The primary reason for my making the PR to add this field is to contain capture-segment-scoped information about the recording. Examples:

Flagging a portion of the data as saturated (/compression/nonlinear)
Indicating a portion of a dataset should be ignored by a post processing stage

This might be better handled by application (extension) specific fields, if you think thats the case then I can withdraw this.

Aug 25 '21 13:08 jacobagilbert

So I am changing my mind on this slightly. I actually think what is needed is a short form field for machine parsing, be that: label / category / type / capture_type etc.

Not sure where your current thoughts on this @bhilburn...

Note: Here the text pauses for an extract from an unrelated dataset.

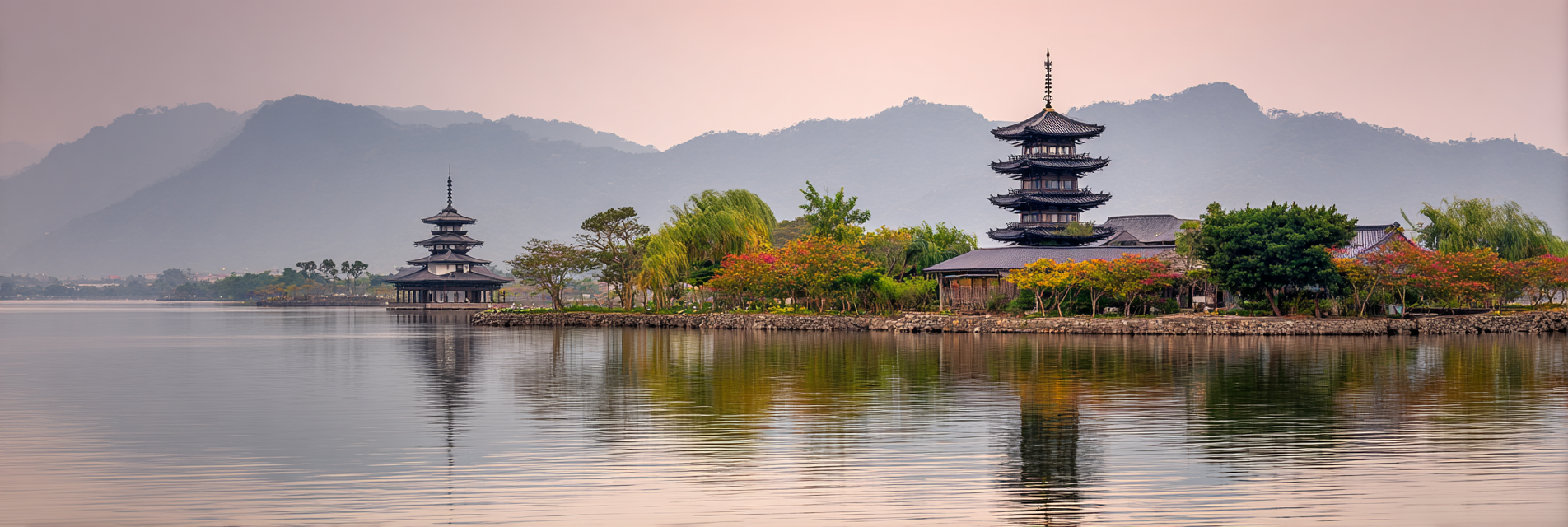 See Mit Pagoden Und Bergen Im Sonnenaufgang | Asien | Laender und Reisen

Specifically I am writing a presentation SigMF Extension (will PR it here) for use with applications such as inspectrum, and one thing you might want to do is define different presentations for different captures segments. A short form field is necessary for this, and it is not limited to presentation layer information. E.g.: one may want to sample data from a file but avoid any areas marked invalid such as around when a radio is retuning.

Oct 25 '21 17:10 jacobagilbert

@bhilburn @Teque5 dusting this off because i think its useful. the updates here are basically the "most complicated" way of doing this. I think i could get 99% of the utility i need out of this with a single string for the capture_tag.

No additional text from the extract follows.